Aim of the exercise:
The data below holds the lines to copy: everything from the line containing "tk.TAKEO KIKUCHI（ティーケータケオキクチ）の「K’PJT by" to the line containing "114 Lakecrest Dr, Madison, MS 39110", both ends included, set down exactly.
>>>
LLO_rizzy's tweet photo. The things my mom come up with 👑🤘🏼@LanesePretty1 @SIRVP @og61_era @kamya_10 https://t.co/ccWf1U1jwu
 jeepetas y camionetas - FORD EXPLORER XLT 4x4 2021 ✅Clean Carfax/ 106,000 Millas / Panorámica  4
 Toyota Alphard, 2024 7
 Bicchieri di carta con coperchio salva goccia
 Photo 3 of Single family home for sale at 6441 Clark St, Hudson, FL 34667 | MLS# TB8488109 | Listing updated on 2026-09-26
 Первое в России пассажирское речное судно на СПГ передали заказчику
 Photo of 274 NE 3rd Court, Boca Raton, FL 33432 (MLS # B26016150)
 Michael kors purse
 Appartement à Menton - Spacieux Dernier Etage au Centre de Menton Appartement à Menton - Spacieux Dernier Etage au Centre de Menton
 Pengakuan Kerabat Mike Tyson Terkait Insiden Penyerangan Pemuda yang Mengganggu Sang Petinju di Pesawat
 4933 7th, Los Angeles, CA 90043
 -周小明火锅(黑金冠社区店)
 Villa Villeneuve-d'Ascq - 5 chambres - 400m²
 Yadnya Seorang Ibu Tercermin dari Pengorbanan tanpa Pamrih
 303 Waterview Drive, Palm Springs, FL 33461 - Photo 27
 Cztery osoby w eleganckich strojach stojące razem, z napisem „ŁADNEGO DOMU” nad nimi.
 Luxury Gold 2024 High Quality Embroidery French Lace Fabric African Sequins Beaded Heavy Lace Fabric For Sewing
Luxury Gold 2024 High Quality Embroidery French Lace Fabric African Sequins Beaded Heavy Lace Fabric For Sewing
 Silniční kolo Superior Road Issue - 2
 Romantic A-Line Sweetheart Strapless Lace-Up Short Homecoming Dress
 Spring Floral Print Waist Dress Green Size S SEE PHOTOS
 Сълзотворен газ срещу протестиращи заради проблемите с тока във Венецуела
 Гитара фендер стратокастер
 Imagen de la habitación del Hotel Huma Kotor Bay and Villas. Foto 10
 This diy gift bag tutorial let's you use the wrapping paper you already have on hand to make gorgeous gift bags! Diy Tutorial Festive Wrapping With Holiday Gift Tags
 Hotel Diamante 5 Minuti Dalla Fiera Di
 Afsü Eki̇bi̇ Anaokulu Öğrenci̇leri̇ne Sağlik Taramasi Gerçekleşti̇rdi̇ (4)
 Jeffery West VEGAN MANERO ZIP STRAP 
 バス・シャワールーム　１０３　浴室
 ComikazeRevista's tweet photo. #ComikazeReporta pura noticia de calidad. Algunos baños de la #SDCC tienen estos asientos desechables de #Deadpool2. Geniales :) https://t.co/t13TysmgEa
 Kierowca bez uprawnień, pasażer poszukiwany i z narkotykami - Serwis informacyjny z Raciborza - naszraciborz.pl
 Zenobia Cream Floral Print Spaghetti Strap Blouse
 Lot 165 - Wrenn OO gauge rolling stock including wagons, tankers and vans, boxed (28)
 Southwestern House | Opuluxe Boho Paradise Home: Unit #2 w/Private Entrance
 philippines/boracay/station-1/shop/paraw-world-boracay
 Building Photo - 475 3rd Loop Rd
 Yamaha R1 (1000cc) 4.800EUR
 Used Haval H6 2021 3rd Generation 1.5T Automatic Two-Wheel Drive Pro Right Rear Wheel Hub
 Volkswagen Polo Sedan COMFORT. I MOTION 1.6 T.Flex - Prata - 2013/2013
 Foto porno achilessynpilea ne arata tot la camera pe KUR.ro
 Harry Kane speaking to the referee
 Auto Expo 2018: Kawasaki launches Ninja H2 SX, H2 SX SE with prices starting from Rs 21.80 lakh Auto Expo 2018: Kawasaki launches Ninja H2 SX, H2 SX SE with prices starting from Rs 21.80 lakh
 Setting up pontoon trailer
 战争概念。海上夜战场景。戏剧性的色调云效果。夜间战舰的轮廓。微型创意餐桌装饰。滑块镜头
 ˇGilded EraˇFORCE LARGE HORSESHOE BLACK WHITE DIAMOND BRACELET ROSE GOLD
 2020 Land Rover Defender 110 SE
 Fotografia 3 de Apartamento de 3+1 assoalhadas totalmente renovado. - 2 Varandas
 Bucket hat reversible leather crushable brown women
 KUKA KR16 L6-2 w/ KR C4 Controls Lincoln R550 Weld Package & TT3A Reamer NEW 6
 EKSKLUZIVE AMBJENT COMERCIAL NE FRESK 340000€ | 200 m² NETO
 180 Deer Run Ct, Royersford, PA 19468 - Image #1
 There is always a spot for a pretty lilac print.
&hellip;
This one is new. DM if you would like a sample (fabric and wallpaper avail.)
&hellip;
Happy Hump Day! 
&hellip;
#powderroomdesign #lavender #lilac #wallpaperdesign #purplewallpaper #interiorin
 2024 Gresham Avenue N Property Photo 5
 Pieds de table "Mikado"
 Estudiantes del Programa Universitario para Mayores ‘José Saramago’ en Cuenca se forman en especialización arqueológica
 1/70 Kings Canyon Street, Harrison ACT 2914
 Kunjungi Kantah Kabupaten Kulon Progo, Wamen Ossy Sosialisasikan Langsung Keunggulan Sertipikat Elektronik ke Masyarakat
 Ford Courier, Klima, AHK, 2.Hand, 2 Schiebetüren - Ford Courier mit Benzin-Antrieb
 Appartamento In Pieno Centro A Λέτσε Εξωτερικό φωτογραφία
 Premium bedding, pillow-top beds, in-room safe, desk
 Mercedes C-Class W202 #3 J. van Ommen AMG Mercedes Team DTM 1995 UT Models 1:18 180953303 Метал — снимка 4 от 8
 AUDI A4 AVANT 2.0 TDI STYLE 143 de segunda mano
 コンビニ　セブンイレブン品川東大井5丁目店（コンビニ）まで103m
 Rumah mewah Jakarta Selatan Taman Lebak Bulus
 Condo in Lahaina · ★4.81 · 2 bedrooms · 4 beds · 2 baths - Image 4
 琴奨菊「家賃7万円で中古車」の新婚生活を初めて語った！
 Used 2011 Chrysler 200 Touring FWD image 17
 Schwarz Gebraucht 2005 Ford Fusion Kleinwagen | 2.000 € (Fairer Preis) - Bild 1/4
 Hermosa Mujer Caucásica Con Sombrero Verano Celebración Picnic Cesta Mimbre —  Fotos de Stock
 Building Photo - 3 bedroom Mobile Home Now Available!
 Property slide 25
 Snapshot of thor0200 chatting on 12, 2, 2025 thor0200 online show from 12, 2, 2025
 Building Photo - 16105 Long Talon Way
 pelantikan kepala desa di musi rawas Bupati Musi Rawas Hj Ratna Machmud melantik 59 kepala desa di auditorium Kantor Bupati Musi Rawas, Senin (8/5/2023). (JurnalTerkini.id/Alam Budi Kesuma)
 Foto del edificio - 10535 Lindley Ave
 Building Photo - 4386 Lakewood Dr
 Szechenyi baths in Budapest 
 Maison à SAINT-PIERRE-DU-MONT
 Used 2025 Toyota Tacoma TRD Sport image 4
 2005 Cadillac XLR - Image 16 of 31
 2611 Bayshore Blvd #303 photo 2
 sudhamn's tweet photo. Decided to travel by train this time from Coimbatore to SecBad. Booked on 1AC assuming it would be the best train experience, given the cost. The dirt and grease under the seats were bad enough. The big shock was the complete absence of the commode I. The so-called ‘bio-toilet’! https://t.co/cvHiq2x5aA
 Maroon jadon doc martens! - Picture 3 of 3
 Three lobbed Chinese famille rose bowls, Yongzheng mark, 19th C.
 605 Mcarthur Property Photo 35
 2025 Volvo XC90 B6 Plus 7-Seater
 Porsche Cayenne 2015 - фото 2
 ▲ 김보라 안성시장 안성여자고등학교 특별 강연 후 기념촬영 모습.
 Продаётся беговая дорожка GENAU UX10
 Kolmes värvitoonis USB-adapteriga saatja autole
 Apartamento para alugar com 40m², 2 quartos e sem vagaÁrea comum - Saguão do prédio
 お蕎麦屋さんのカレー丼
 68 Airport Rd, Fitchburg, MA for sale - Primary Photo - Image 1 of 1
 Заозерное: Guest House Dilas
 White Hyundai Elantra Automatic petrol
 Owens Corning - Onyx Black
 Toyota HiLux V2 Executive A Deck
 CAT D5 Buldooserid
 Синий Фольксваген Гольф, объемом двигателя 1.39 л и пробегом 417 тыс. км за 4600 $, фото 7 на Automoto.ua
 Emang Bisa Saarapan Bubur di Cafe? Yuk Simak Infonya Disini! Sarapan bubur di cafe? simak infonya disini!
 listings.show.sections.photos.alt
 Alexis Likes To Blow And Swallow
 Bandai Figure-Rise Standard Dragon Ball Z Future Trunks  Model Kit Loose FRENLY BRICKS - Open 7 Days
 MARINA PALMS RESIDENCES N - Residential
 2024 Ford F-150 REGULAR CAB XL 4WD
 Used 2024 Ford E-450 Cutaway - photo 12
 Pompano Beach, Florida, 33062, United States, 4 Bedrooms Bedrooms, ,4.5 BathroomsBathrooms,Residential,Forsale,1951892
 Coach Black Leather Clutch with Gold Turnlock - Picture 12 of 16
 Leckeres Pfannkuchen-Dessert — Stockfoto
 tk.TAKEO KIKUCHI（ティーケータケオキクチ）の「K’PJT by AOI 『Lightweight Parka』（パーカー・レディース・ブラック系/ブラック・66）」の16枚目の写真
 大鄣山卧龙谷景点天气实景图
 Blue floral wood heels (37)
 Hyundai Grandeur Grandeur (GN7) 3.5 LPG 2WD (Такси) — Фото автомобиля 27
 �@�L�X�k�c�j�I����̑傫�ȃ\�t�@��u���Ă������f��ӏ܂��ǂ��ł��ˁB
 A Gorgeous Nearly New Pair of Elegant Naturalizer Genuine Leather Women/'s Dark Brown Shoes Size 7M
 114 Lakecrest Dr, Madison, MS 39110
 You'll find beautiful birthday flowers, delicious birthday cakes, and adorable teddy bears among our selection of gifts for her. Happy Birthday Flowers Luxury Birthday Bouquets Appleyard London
<<<
Result below:
 tk.TAKEO KIKUCHI（ティーケータケオキクチ）の「K’PJT by AOI 『Lightweight Parka』（パーカー・レディース・ブラック系/ブラック・66）」の16枚目の写真
 大鄣山卧龙谷景点天气实景图
 Blue floral wood heels (37)
 Hyundai Grandeur Grandeur (GN7) 3.5 LPG 2WD (Такси) — Фото автомобиля 27
 �@�L�X�k�c�j�I����̑傫�ȃ\�t�@��u���Ă������f��ӏ܂��ǂ��ł��ˁB
 A Gorgeous Nearly New Pair of Elegant Naturalizer Genuine Leather Women/'s Dark Brown Shoes Size 7M
 114 Lakecrest Dr, Madison, MS 39110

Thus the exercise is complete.